Mais, dans une dynamique aller-retour, c’est pourtant elle qui, à l’occasion, contribua à cette entreprise en enseignant aussi les techniques de la danse vodou qui devinrent la marque déposée du Dunhaism, et dont Haïti fut le fief, dans l’exploration des paramètres du terroir , lesquels ont révolutionné la danse moderne. Plus tard, son groupe ‘’Haïti Danse’’ présenta une approche rationnelle de la danse haïtienne, à partir de ces randonnées ultérieures. Au niveau de la chanson, on n’oublie pas qu’elle a été toujours une disséminatrice des chants populaires. Forte de ces percées, elle devint simultanément, membre de la Société d’Art et directrice de la section féminine de la Troupe Folklorique Nationale au sein de laquelle, elle eut une partenaire de poids, en la personne de Lumane Casimir.

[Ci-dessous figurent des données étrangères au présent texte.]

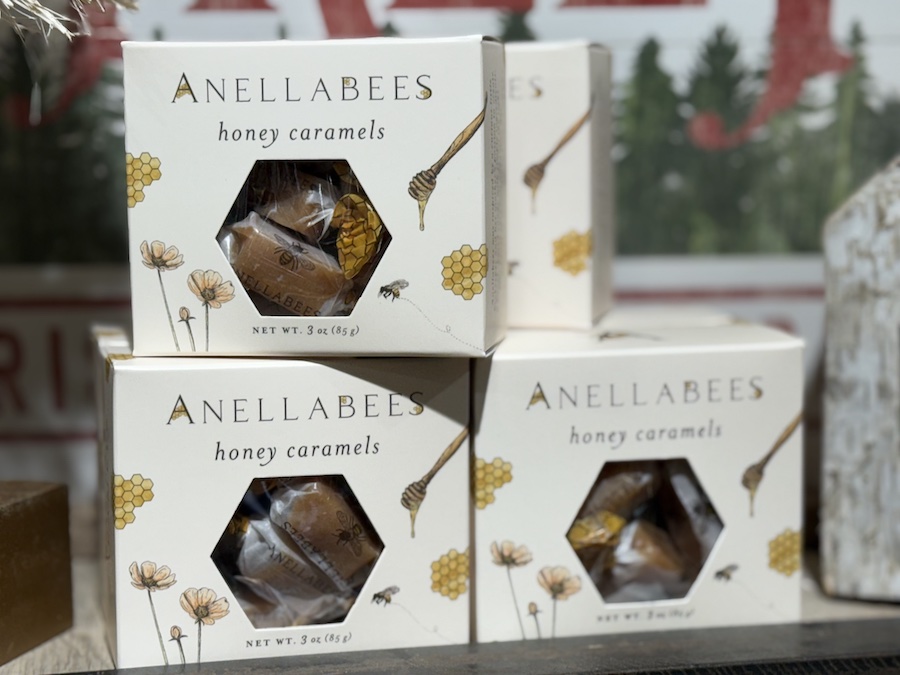 Packages of Anellabees honey caramels displayed on a wooden shelf, offering artisan holiday treats.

Tout en animant l’émission radiophonique ‘’L’heure de l’Art’’. En 1954, elle fut encore détentrice d’une bourse d’études de la Fondation Parapsychologique, suivie par des études de danse moderne à l’école de Martha Graham à New-York. Infatigable, on la retrouva après au Columbia University, pour une thèse en Anthropologie. C’est là qu’elle fit la rencontre du professeur Richard McGee Morse qui devint son époux et partenaire. Ensemble, ils seront investis par la Inter American University en 1960, à l’établissement d’un curriculum de danse à Porto-Rico, où elle enseignait les fondements des rythmes et danses haïtiens.

Plus tard, elle s’installa à Connecticut où elle fonda une école de danse. En 1981,à l’occasion du Cent Cinquantième Anniversaire de Pétion- Ville, elle se fit chaleureusement applaudir à Cabane Choucoune où elle dansa pieds nus, surprenant plus d’un par sa forme et son agilité, malgré son âge. Blanchie sous le harnais, cette géante de l’art haïtien qui a tant donné, a parcouru les débats et conférences, résolue à promouvoir la culture vodou dont elle a toujours été une adepte et une représentante consciente et éclairée. Son héritage artistique s’est aussi perpétué à travers son fils Richard Jr et sa belle-fille Lunise, du groupe folk-fusion « Ram ». Ce qui situe bien la légende de ‘’Emy’’ à qui on doit une fière chandelle pour avoir disséminé des multiples genres natifs, dont elle a affermi et revalorisé les racines.

*Encore

…Déjà apparues dans: Top 10 ‘’Voix féminines’’

Ndlr. Les deux méringues Caroline Acao et Panama m tonbe furent popularisées à Cuba, dans les années 50, par le populaire chanteur borincano (portoricain) Daniel Santos et l’ensemble Sonora Matancera. Elles furent enregistrées sur disque SEECO en même temps que Gede zarenyen chantée par Celia Cruz et Choucoune chantée par Celia Cruz et notre immortelle Matha Jean-Claude.